PROMPT
Could you copy word for word only the lines between the one containing "Джемпер женский Remix 6692/3 серый 52 RU" and the end of the listing below, both included, and leave out the pictures?

DATASET EXTRACT

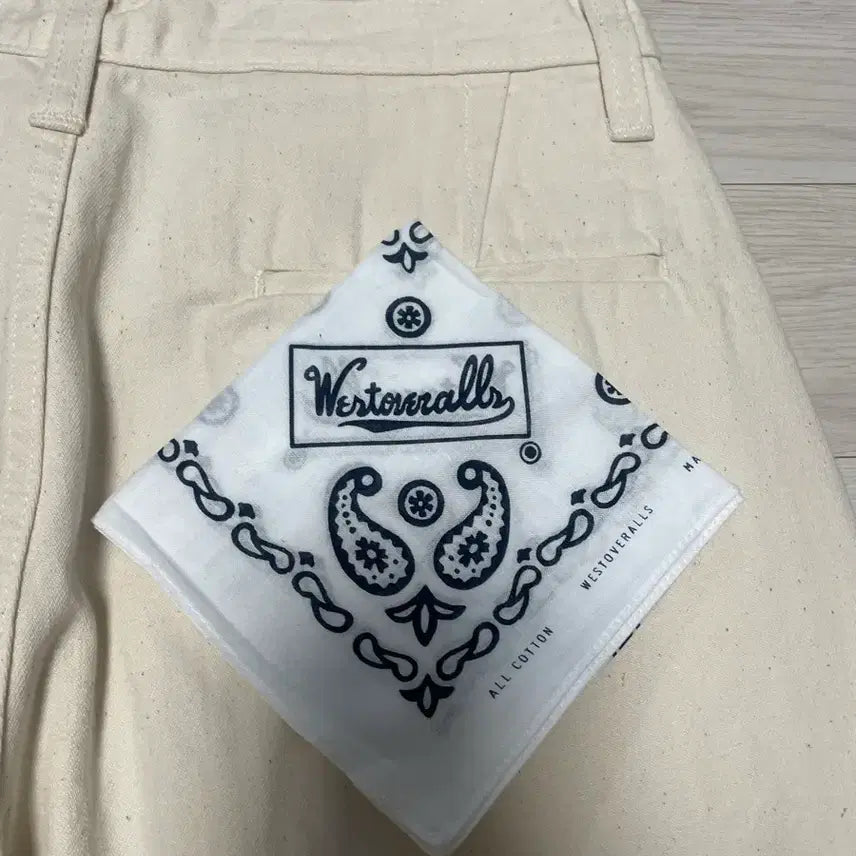 [BUNJANG] Westoveralls AYD x WOA Memorial Trousers / westoveralls AYD x WOA Memorial Trousers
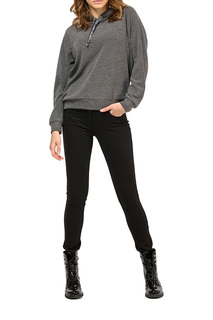 Джемпер женский Remix 6692/3 серый 52 RU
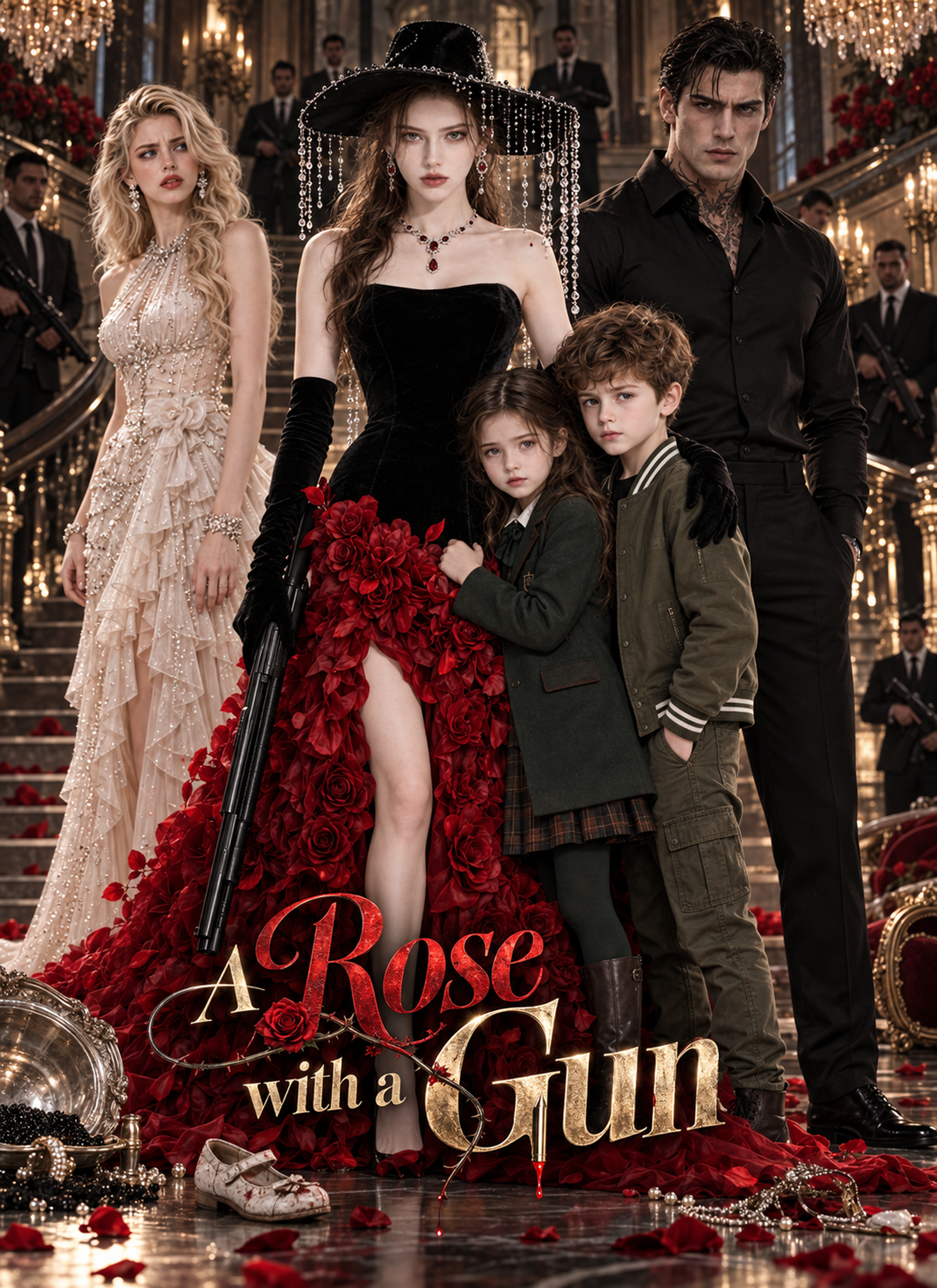 A Rose with a Gun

ANSWER SPACE
 Джемпер женский Remix 6692/3 серый 52 RU
 A Rose with a Gun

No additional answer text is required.